**Input for this task:**
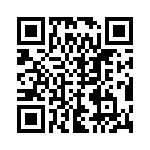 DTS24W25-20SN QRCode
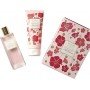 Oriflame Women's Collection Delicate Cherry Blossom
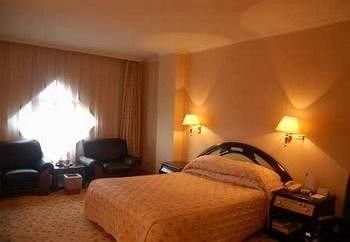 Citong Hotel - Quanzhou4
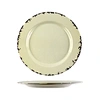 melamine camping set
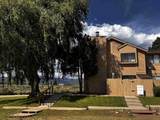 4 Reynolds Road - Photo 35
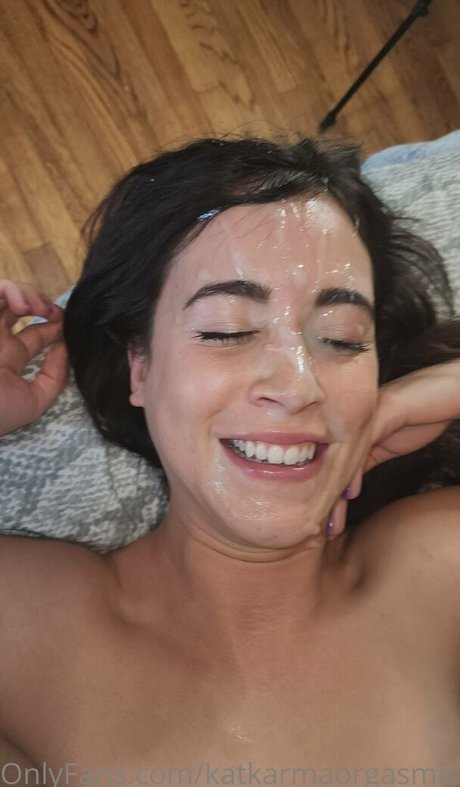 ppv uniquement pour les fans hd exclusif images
--
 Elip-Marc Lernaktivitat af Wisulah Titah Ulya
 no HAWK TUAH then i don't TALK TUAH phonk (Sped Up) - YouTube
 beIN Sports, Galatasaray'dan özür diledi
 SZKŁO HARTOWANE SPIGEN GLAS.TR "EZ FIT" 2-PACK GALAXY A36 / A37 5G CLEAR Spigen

**What to do:** Look above and copy only the lines from the one holding "Oriflame Women's Collection" to the one holding "ppv uniquement pour", both included, exactly, minus the pictures.

**Result of the exercise:**
 Oriflame Women's Collection Delicate Cherry Blossom
 Citong Hotel - Quanzhou4
 melamine camping set
 4 Reynolds Road - Photo 35
 ppv uniquement pour les fans hd exclusif images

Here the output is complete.